JF make 351
JF Nav
JF Nav
Creation Date: 2004-04-28
Happy stuff here at Javantea.com as well as AltSci.com and HackMars.com. If you do a ping to each, you'll see that they all go to one ip address. That's right, my ip address. I got good dsl and so I'm serving those sites off my box. There is a reason why my websites are simple in the graphics department, it's because for four years I have planned to serve them off my home box. Javantea.com points to Javantea.Keenspace.com which is here since I can't support the 700 * 27kB of pictures that my MoJF website contains or the 41 * 158kB that the comic contains.

Yesterday, I got my gateway working. I got my first hits last night: a Google Bot hit robots.txt and / at javantea.com and a hacker tried to overflow my buffer. No, really! I checked my access_log and my error_log this morning and there it was: 28/Apr/2004:00:41:56 "SEARCH /\x90\x02\xb1........" For about 10 kB. I won't publish the ip address just because that's about as luserish as being a script kiddie. But it's a good enough lesson for today: the day that your web server or workstation goes online, there will be a hacker testing your security. If you don't have patches, you will be at the mercy of a thousand little script kiddies. Just one is one too many.
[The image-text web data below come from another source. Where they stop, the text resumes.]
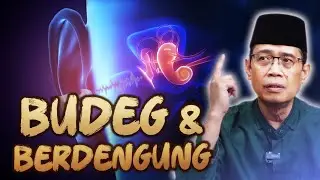 TELINGA BERDENGING DAN BUDEG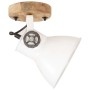 Industrial wall/ceiling lamps 2 pcs white 20x25 cm E27 by , Lamps - Ref: Foro24-320519, Price: 47,96 €, Discount: %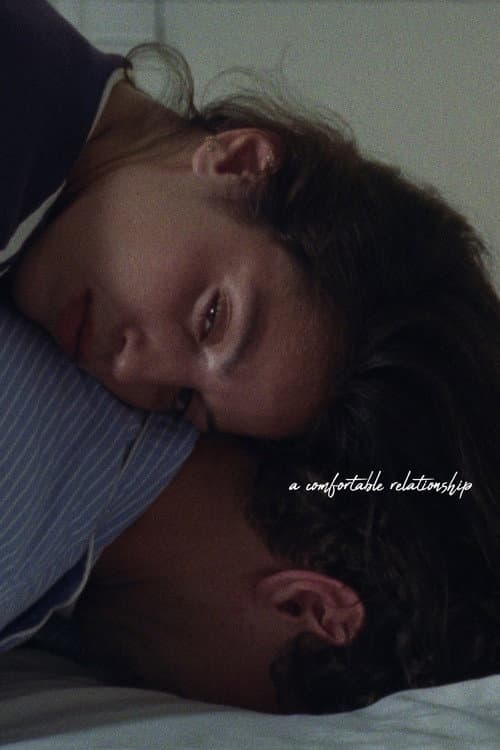 Постер: A Comfortable Relationship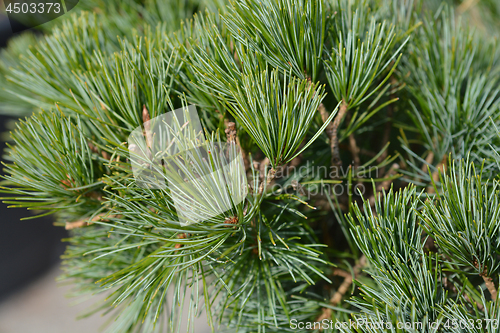 Image of Tempelhof Japanese White Pine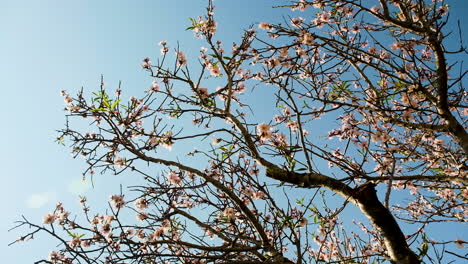 Rotating-shot-of-apricot-tree-branches-with-fresh-blossoms-against-sky,-spring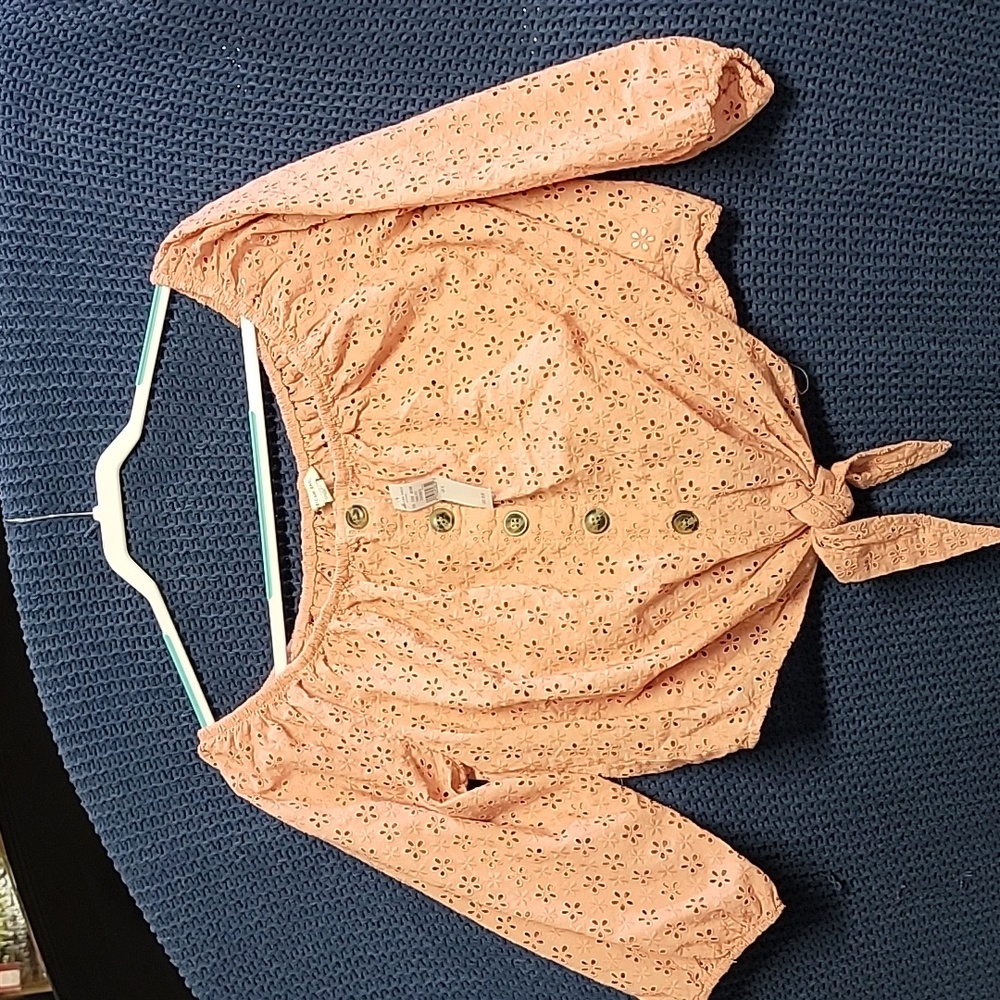 American Eagle XL NWT crop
It's really not their fault, it's statistical attraction to power. If there is power, statistically, people will be attracted to it. In our society, attraction to power usually is rewarded. No one imagines that a quest for power will end in jail. But there's a difference between one script kiddie seeking power and another seeking knowledge. For a long time, information has been hoarded more secretly than money. There are those that wish to gain access, to use the information. Scientists, historians, hackers want this information that holds secrets to much more important things. So imagine if you will a script kiddie looking for a root kit. The information held in the root kit gives access to power to remotely control other people's computers. So the script kiddie finds one and downloads it, runs it, and soon he has a list of a dozen ip addresses he now has control over. Certain thoughts about immorality might cross his mind, but mainly it's the thought of "What is there?". The first one on the list, C:\ drive wide open. Data, nada, nada. Next. You can see the goal of this script kiddie, right? The goal is to find data that is particularly juicy, something that would be interesting. Corporate, illegal, interesting data.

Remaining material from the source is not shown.